China challenges U.S. anti-dumping measures at WTO
GENEVA (Reuters) - China launched a trade dispute against the United States on Tuesday to challenge Washington's accusations that China has dumped cheap exports on the U.S. market, the World Trade Organization said in a statement.
The dispute, the first WTO complaint launched by China this year, was filed on the first day of the trade body's biennial ministerial conference, which is being held in Bali.
It is the eighth trade complaint that China has filed over U.S. trade remedies, the WTO said. Its case argues that Washington assesses "dumping" - selling exports at unfairly cheap prices - in a way that breaks WTO rules.
The WTO did not say which products were affected by the case, but China's Xinhua news agency cited Shen Danyang, spokesman for China's Ministry of Commerce, as saying there were 13 anti-dumping measures in question, covering products such as oil well pipelines and total exports of $8.4 billion.
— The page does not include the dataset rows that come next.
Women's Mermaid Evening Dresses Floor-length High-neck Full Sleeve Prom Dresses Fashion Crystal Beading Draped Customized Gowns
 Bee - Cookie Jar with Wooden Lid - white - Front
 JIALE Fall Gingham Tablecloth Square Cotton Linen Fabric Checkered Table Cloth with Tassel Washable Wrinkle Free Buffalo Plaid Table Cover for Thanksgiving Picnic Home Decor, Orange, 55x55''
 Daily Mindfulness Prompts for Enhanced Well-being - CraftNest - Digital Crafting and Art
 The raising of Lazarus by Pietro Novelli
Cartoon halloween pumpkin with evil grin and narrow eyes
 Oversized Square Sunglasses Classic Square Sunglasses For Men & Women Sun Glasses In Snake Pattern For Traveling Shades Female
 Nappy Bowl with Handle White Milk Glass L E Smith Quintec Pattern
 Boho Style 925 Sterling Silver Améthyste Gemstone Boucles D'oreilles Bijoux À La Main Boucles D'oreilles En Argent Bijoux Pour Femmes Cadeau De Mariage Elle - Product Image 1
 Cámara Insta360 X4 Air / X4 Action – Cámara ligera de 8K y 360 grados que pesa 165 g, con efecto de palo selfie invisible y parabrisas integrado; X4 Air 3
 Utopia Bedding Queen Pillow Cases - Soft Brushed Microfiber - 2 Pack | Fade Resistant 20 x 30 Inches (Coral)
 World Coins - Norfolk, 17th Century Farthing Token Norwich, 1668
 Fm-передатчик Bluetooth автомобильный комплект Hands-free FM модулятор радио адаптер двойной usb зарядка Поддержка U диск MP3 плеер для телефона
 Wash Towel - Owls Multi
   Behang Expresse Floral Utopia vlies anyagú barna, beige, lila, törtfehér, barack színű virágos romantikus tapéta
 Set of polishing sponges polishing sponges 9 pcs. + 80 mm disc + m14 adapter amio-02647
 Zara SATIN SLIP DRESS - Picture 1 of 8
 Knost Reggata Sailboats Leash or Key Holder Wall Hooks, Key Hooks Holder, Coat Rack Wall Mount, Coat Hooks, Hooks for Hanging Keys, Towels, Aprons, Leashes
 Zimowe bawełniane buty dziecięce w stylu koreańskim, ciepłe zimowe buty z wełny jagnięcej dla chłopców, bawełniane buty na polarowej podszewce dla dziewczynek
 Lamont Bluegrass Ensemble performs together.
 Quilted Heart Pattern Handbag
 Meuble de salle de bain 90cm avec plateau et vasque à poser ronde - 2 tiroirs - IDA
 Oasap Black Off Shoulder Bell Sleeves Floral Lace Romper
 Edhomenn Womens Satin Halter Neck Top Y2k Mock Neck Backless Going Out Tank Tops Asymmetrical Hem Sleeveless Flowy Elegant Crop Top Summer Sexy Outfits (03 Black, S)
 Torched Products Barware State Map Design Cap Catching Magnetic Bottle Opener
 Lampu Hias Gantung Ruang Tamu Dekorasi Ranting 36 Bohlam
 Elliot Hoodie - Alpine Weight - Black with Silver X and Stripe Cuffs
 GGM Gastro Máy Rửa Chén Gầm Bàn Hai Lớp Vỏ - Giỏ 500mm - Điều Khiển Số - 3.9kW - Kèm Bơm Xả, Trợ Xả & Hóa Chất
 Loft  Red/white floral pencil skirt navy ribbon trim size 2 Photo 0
The United States has 60 days to try to settle the complaint. After that China could ask the WTO to adjudicate.
The United States has repeatedly lost WTO cases over its use of a particular calculation for assessing suspected dumping cases.
The United States has said that its calculation method, known as "zeroing", is superior to the WTO's approved methodology, but it has nevertheless promised not to use it in future, after losing numerous legal rulings over the issue.